I work as a senior software engineer in the Personalization Infrastructure team at Netflix. I work on distributed systems and big data, currently focusing on storing and querying petabytes of data. Previously, I have worked at Apple, Sumologic and Amazon in similar roles.
Netflix personalizes the experience for each member and this is achieved by several machine learning models. Our team builds infrastructure that powers these machine learning pipelines; primarily using Spark for feature generation and training. In this talk, we discuss two different Spark related problems and their solutions. - Memory optimization: our spark jobs can consume upwards of ten terabytes of memory. To optimize this memory footprint, we implemented an in memory cache that shares resources between different tasks in the same executor. We achieve this by using a combination of singletons, broadcast variables and task completion listeners. This implementation reduced the memory footprint by more than 20 percent. - Reliable metrics: we make use of several metrics that help debug different stages and sub-components of the pipelines. Spark accumulators can be cumbersome to use for metric computations, especially in scenarios where the spark process fails mid way during execution. We will describe solutions using spark listeners to solve this problem. This metric granularity helps reduce the time to debug complex jobs.

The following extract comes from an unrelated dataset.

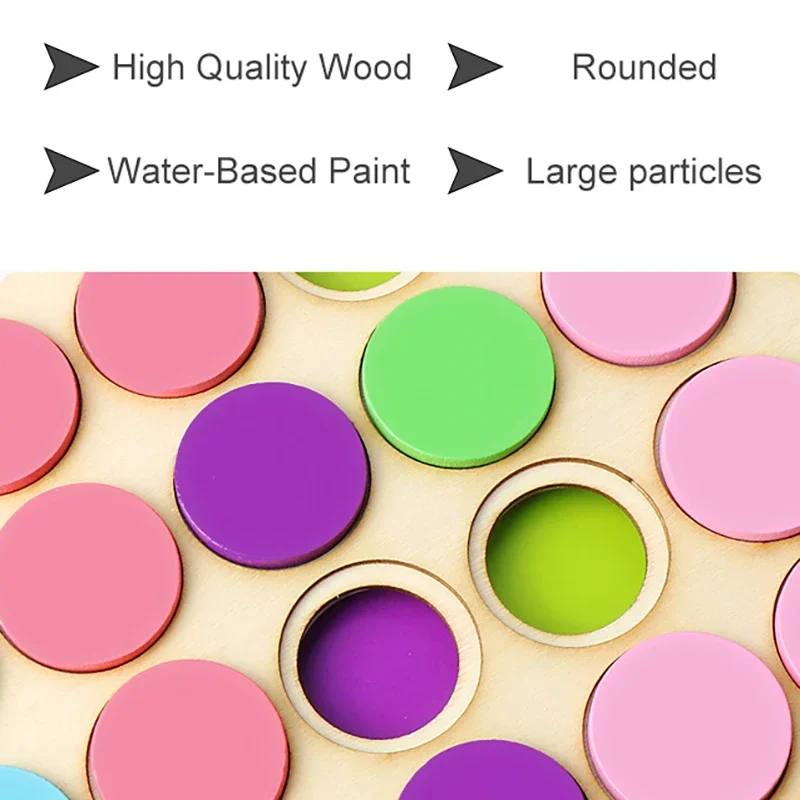 Giocattoli educativi in legno per bambini Gioco da tavolo Puzzle Giocattoli Montessori Ordinamento dei colori Carte abbinate Regali precoci per bambini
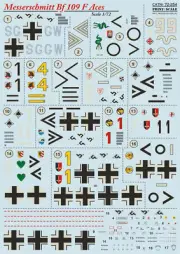Print Scale 72-254 1/72 scale Decal for airplane - Messerschmitt Bf.109 F Aces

Personalization is one of the key pillars of Netflix as it enables each member to experience the vast collection of content tailored to their interests. Our personalization system is powered by several machine learning models. These models are only as good as the data that is fed to them. They are trained using hundreds of terabytes of data everyday, that make it a non-trivial challenge to track and maintain data quality. To ensure high data quality, we require three things: automated monitoring of data; visualization to observe changes in the metrics over time; and mechanisms to control data related regressions, wherein a data regression is defined as data loss or distributional shifts over a given period of time.
In this talk, we will describe infrastructure and methods that we used to achieve the above: - 'Swimlanes' that help us define data boundaries for different environments that are used to develop, evaluate and deploy ML models, - Pipelines that aggregate data metrics from various sources within each swimlane - Time series and dashboard visualization tools across an atypically larger period of time - Automated audits that periodically monitor these metrics to detect data regressions. We will explain how we run aggregation jobs to optimize metric computations, SQL queries to quickly define/test individual metrics and other ETL jobs to power the visualization/audits tools using Spark.'